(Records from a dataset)
============================================================

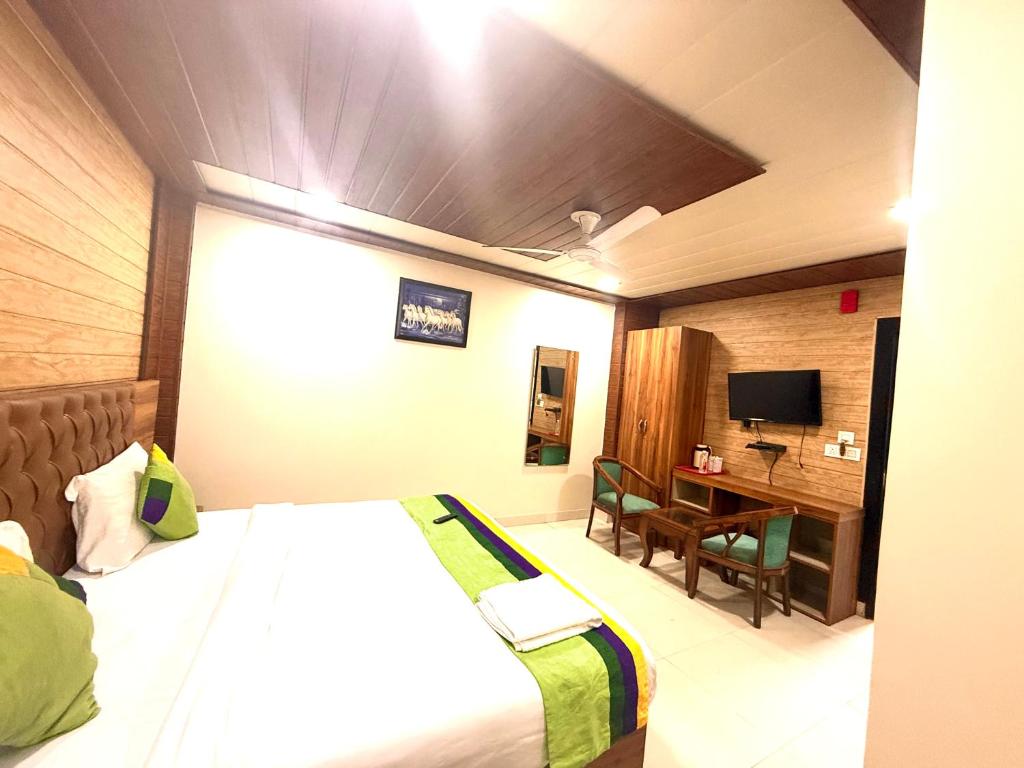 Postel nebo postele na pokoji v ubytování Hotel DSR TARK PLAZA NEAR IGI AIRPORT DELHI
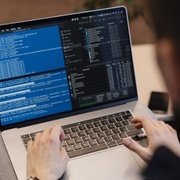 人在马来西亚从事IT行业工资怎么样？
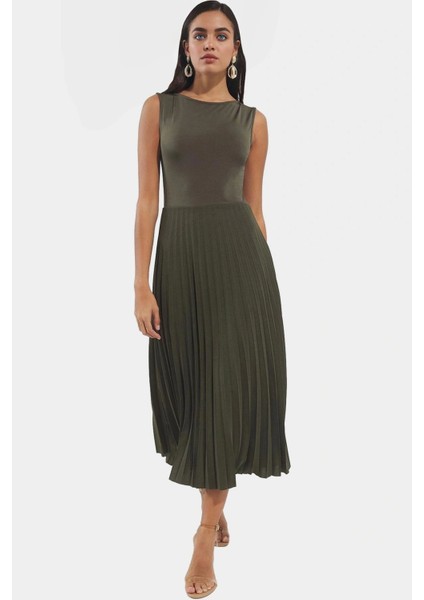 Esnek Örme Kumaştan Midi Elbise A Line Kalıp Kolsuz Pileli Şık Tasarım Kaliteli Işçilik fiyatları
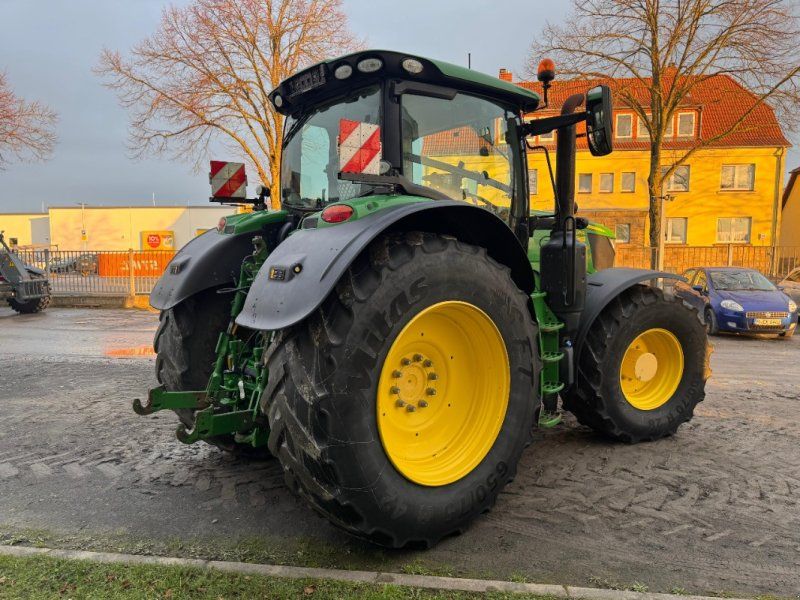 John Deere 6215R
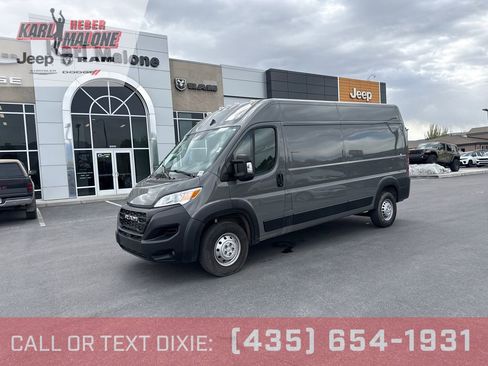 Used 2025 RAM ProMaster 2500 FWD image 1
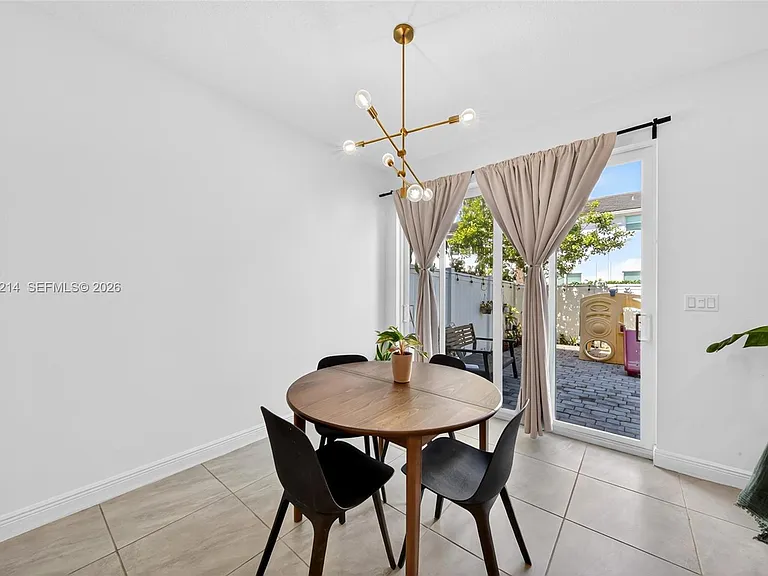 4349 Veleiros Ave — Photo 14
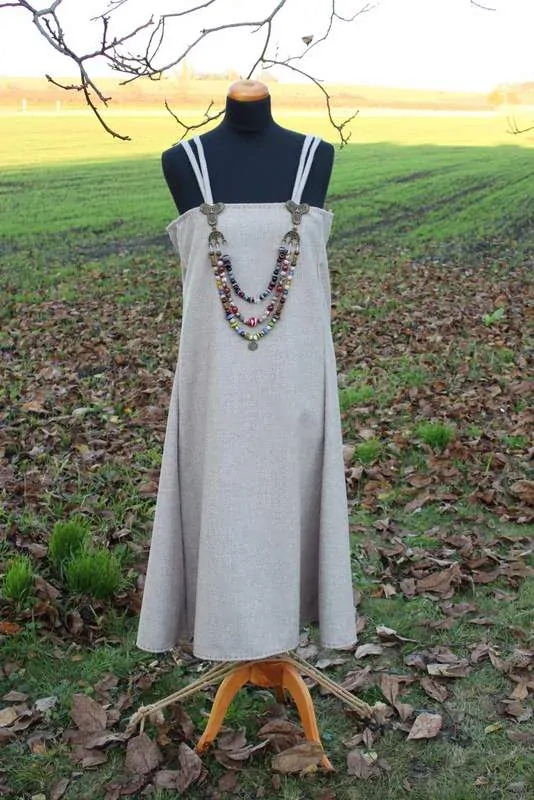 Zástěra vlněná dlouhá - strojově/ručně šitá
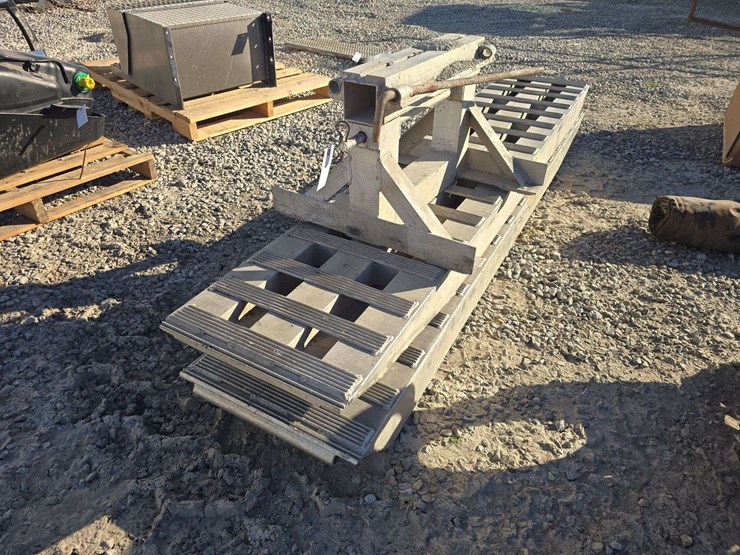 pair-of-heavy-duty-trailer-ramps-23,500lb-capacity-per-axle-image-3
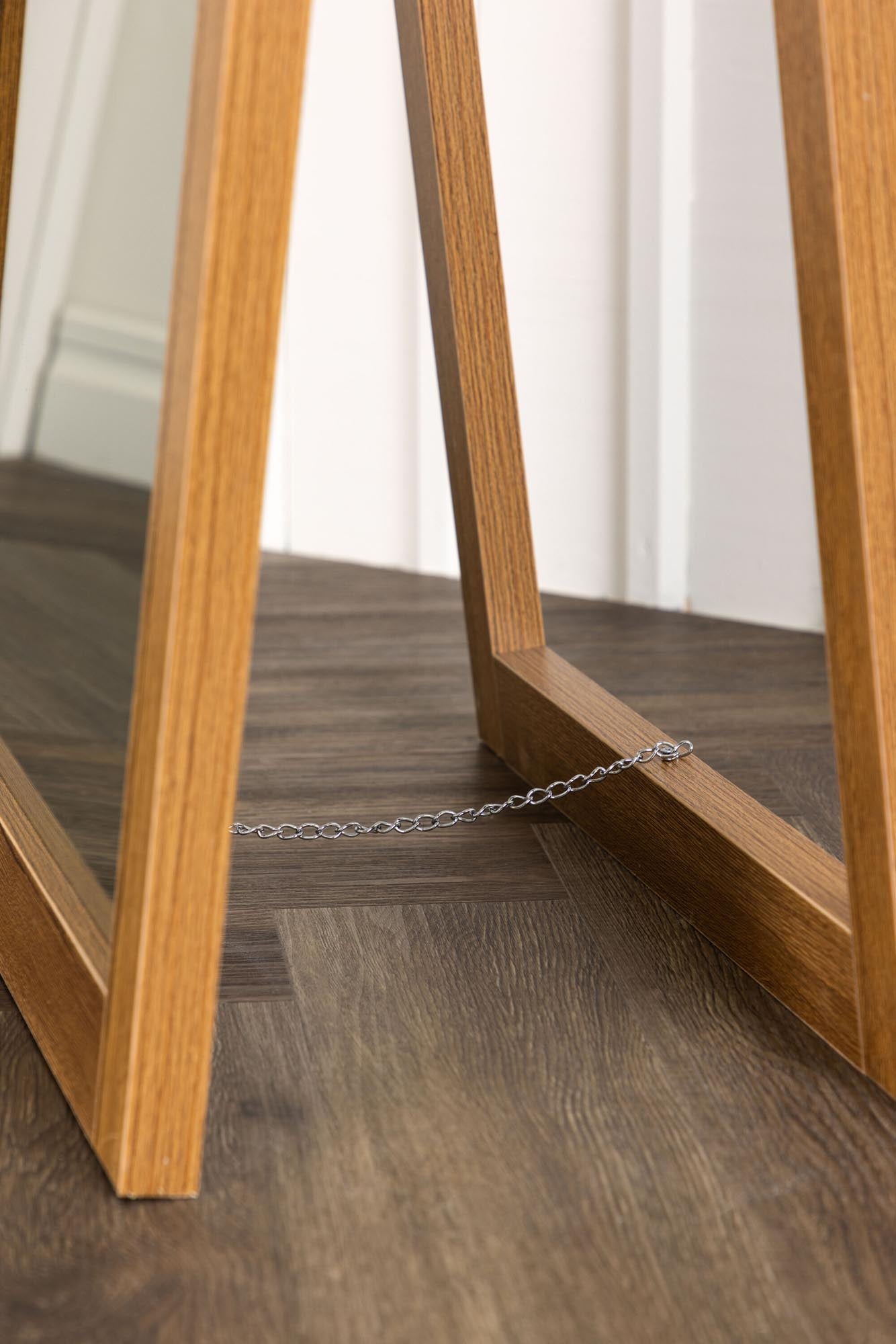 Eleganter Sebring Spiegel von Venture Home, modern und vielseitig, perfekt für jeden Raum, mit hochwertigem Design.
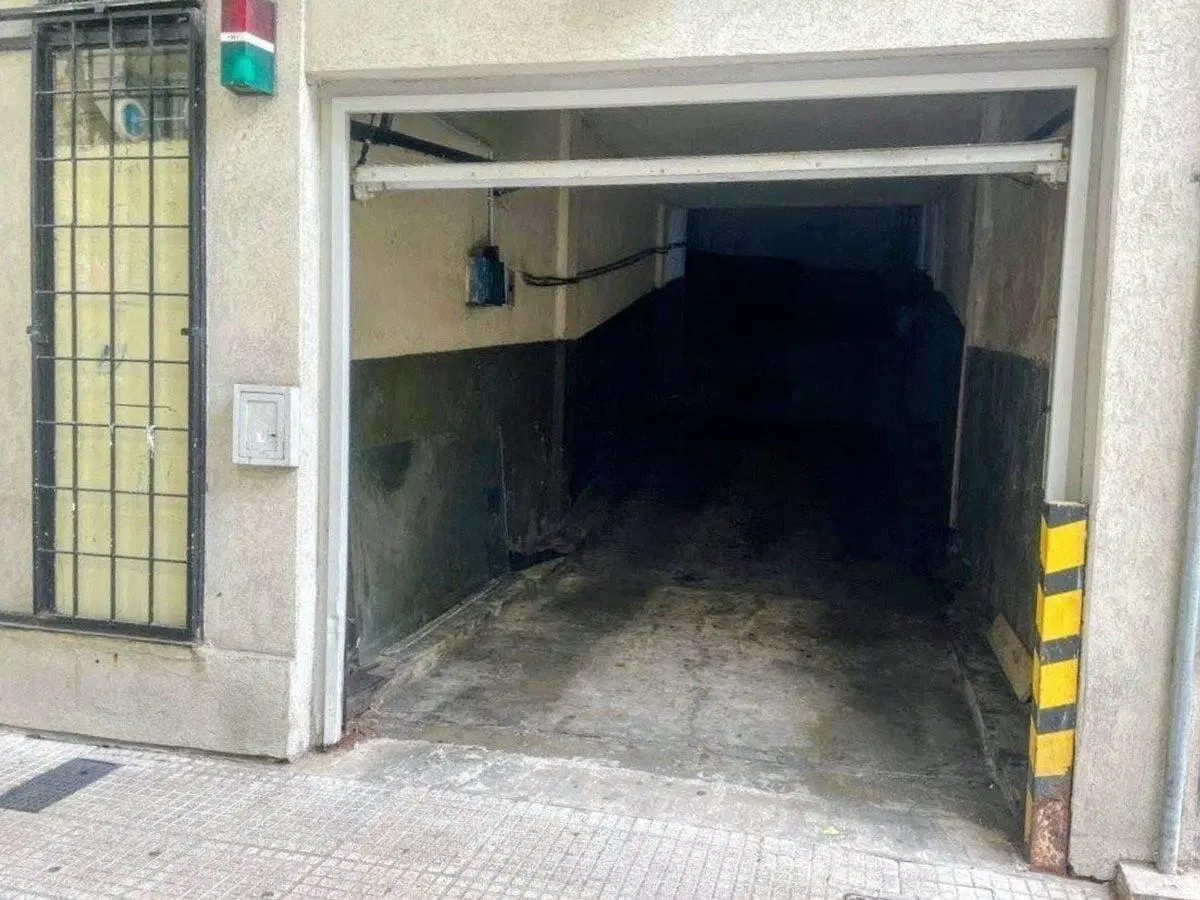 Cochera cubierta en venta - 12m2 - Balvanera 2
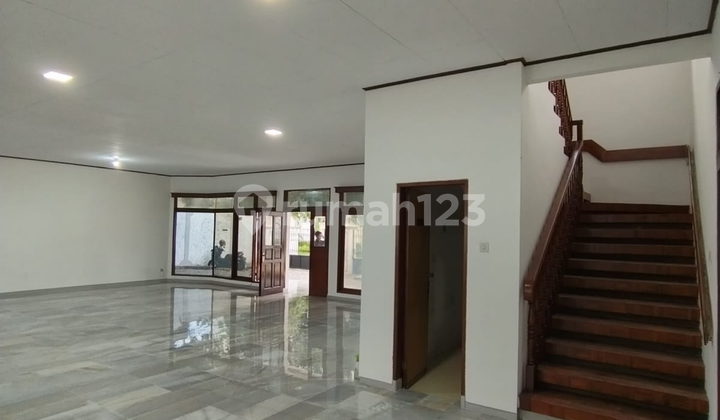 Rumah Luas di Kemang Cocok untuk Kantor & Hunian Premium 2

============================================================

**Exercise prompt:** Leave out the pictures, and retype exactly the lines from the one containing "Cochera cubierta en" through the last line of the data above, no more and no less.

**Answer to the exercise:**
 Cochera cubierta en venta - 12m2 - Balvanera 2
 Rumah Luas di Kemang Cocok untuk Kantor & Hunian Premium 2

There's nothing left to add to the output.